Ici, on devine La Roche sur Yon.
Armel Charteau 21 Octobre 1896 à Nantes souhaite le bonjour à tous.
Pour tromper l’ennui, certains esquissent un autoportrait à moins que ce soit le visage d’un camarade comme l’atteste la présence d’un béret qui faisait partie de l’uniforme du colon.
Est-ce le même colon qui rentre poule et poussins à l’abri du renard?
Ici la seule représentation féminine que j’ai vue. Le texte accompagnant cette élégante au sourire en coin est à jamais perdu.
Ce profil est peut-être dû au même artiste.
Là, nous avons droit à un marin déclarant: Je suis un fayot de la marine ! Une moquerie envers un gardien ancien militaire ? Encore une supposition!
En dessous, un carré magique formé des chiffres de 1 à 9 et dont chaque ligne est un total de 15. Les degrés d’instructions que l’on peut déduire grâce aux graffitis sont pour le moins hétérogènes.
Est-ce Permann(?) Jean-Marcel qui a tenté ces calculs ? Voila 432 heures que je suis en cellule. 224490 minutes et 1393 secondes.
Il compte les jours, les heures jusqu’aux secondes, mais fataliste, il ajoute plusieurs fois : MES ENFIN JE NE MAN FE PA
Sur ce panneau, on peut voir en plusieurs endroits, 5 points assemblés comme sur une face de dé. Dans les prisons, ce signe symbolise l’enfermement entre quatre murs.
Figure également la date de 1927. Bien que devenue Ecole professionnelle en 1904, il apparaît clairement que les méthodes héritées de la période pénitentiaire ont perduré jusqu’à la fermeture en 1929.
La notion de classe militaire est très présente dans les graffitis. Pour beaucoup, l’engagement dans l’armée était la solution choisie à leur sortie du Luc. Arrivé à l’age de 13 ans, Rastoll entame sa dernière année au Luc en cellule.
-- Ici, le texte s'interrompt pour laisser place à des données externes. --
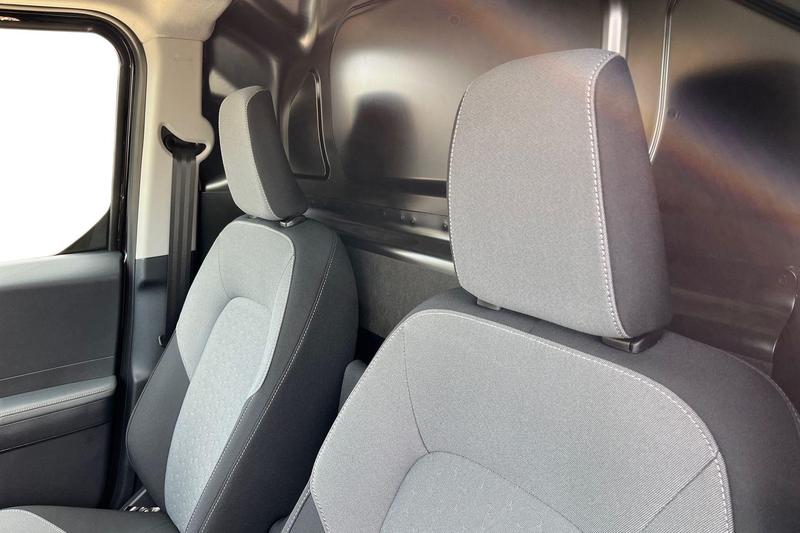 Used Ford E-Transit Courier 2025 for sale - 77367591: Photo 11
Dans une autre cellule, Rastoll nous indique son 2eme prénom: Manuel
Peut-être par esprit bravache, il nous a laissé un poème. En est-t-il l’auteur ? Peu importe,! le texte fait froid dans le dos tant il décrit l’avenir qui était réservé à nombre de ces colons qui se sont retrouvés déphasés à leur libération.
La Loire m’a vu naître
L’Assistance m’a vu paraître
La colonie de Mettray dans la torture
La colonie du Luc dans l’esclavage
Les prisons me verront rentrer
Le bagne me verra souffrir
Et Cayenne sera mon tombeau
Et debler* me fera passer le cou par la lunette
L’échafaud me verra mourir.
A 18 ans, en traçant ces lignes, ce Chouvin était d’une lucidité effrayante et ne se faisait guère d’illusions quant à son avenir lointain. Néanmoins, cet originaire de Saint-Etienne pense à se mettre au vert:A moi la Loire et ses filles charmantes dans six mois au jus.
C’est la plus ancienne inscription que j’ai pu relever.
MES CHERS AMIS
PRENEZ TOUS LA FUITE
NE RESTEZ PAS AU LUC
Pierotin, Coste, Mustapha, Giraud, Mollier, Toselli, nombreux sont les patronymes que l’on peut déchiffrer avec un éclairage rasant dans les différentes cellules. Au cours de différents séjours, ces jeunes rebelles aux origines très variées ont laissé leurs noms, sinon pour perpète, du moins tant que dureront les murs.